Like other Brazilians, cariocas speak Portuguese. The carioca accent and sociolect (also simply called "carioca", see below) are one of the most widely recognized in Brazil, in part because TV Globo, the second-largest television network in the world, is headquartered in Rio de Janeiro. Thus, many Brazilian TV programs, from news and documentary to entertainment (such as the telenovelas), feature carioca-acting and -speaking talent.

History

The archaic demonym for the Rio de Janeiro State is fluminense, taken from the Latin word flūmen, meaning "river." Despite the fact that carioca is a more ancient demonym of Rio de Janeiro's inhabitants (known since 1502), it was replaced by fluminense in 1783, when the latter was sanctioned as the official demonym of the Royal Captainship of Rio de Janeiro (later the Province of Rio de Janeiro). A few years after the City of São Sebastião do Rio de Janeiro had become the capital city of the Brazilian colonies. From 1783 and during all the Imperial Regime, carioca remained only as a nickname by which other Brazilians called the inhabitants of Rio (city and province). During the first years of the Brazilian Republic, carioca was the name given to those who lived in the slums or a pejorative way to refer to the bureaucratic elite of the Federal District. Only when the City of Rio lost its status as Federal District and became a Brazilian State (Guanabara State), when the capital city was moved to Brasilia, was carioca made a co-official demonym with guanabarino. In 1975, the Guanabara State was eliminated by President Geisel (under the military dictatorship), becoming the present-day City of Rio de Janeiro, and carioca was made the demonym of its municipality. Despite the fact carioca is not recognized as an official demonym of Rio de Janeiro State, Brazilians call the inhabitants of Rio de Janeiro in general (state and city) cariocas, and most of its inhabitants claim to be cariocas. Nowadays, social movements like "Somos Todos Cariocas" ("We are all Cariocas") try to achieve the official recognition of carioca as a co-official demonym of the Rio de Janeiro State.

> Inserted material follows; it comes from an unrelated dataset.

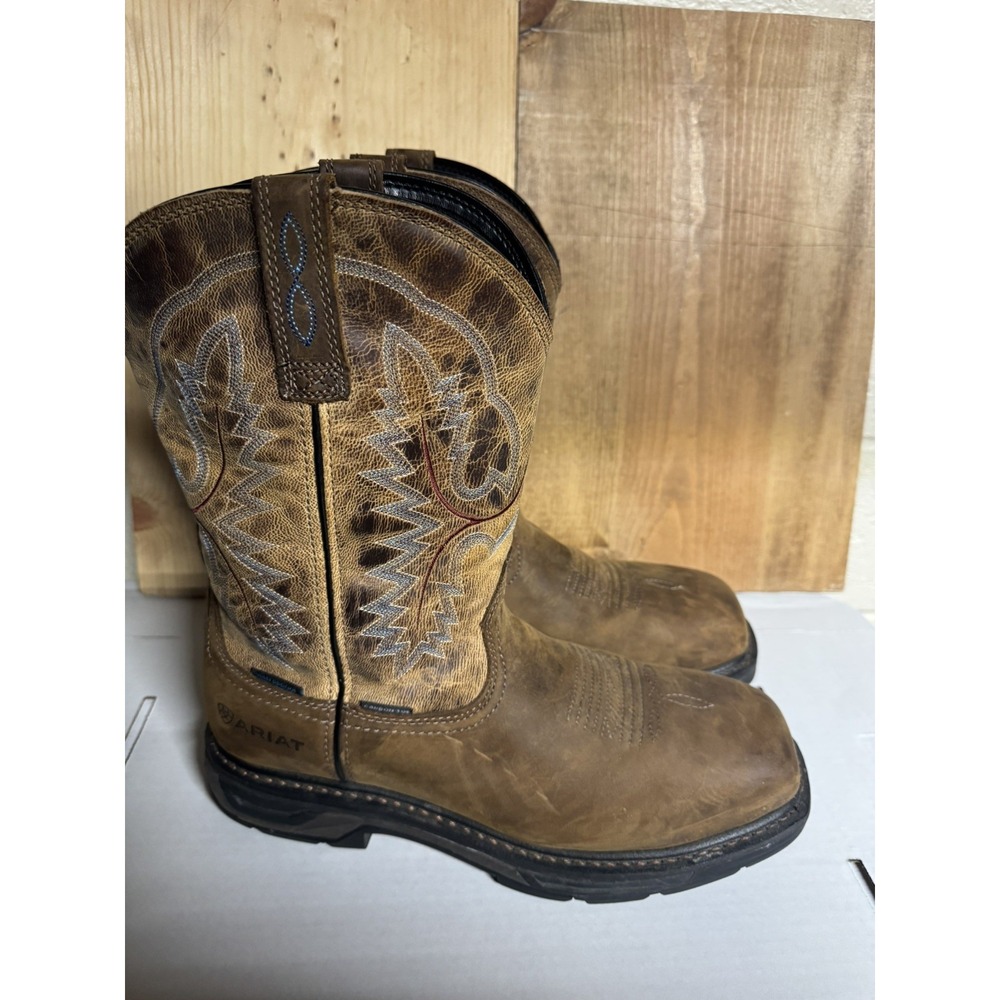 Ariat Men's Work Boots, WorkHog XT H2O Carbon Toe, Wide Sq Toe, Size USA 10.5 D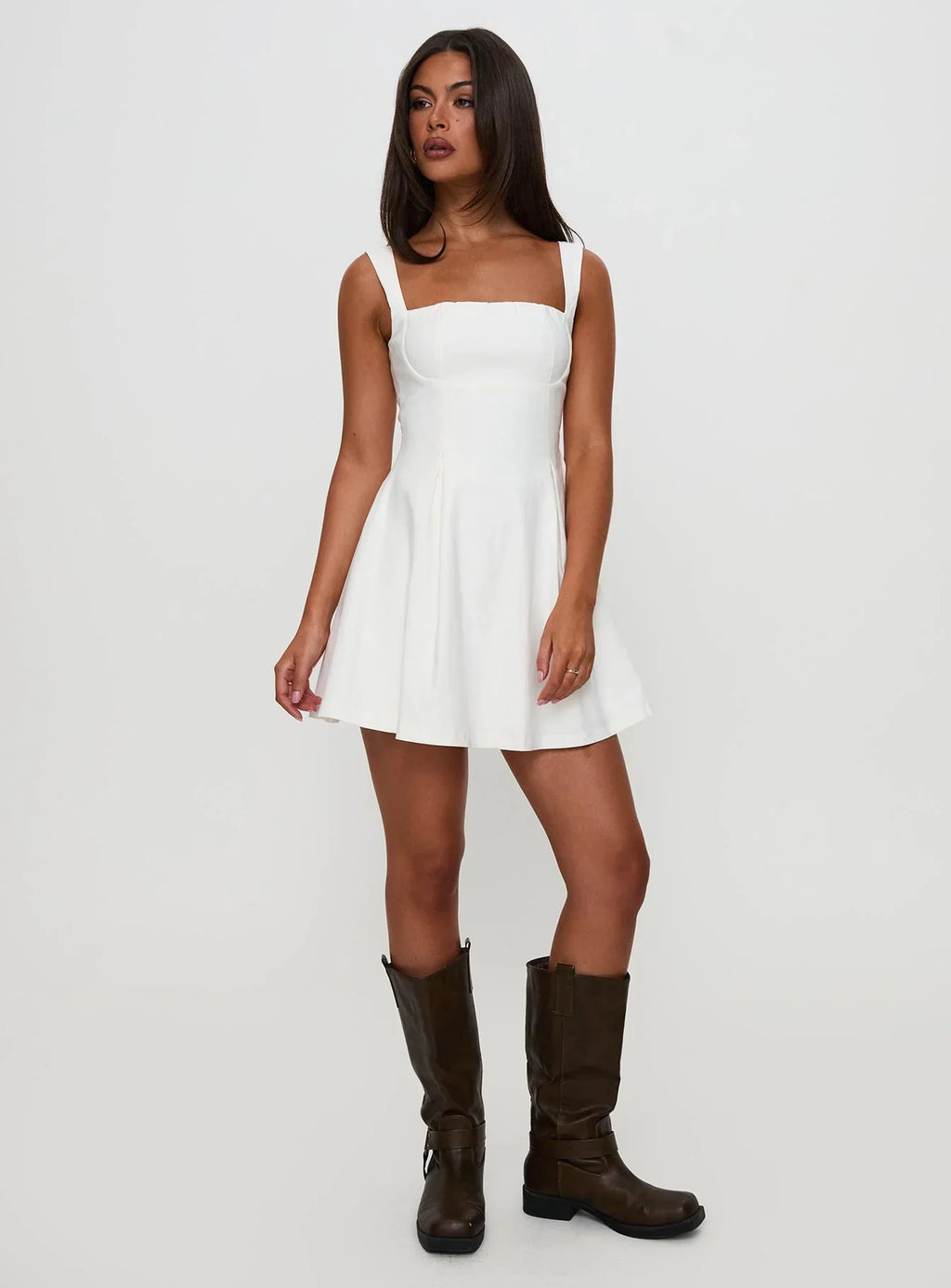 Xanthus Mini Dress White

Accomplishments and influence

Carioca people have invented a few sports; the most famous is footvolley.

Cariocas are credited with creating the bossa nova style of music.

Famous cariocas in film include "Brazilian bombshell" Carmen Miranda, a Portuguese-born Brazilian woman who grew up in Rio de Janeiro. An eponymous song from 1933, Carioca, has become a jazz standard.
 
Carnaval Carioca is the Portuguese name for the largest Brazilian Carnival, the Rio Carnival.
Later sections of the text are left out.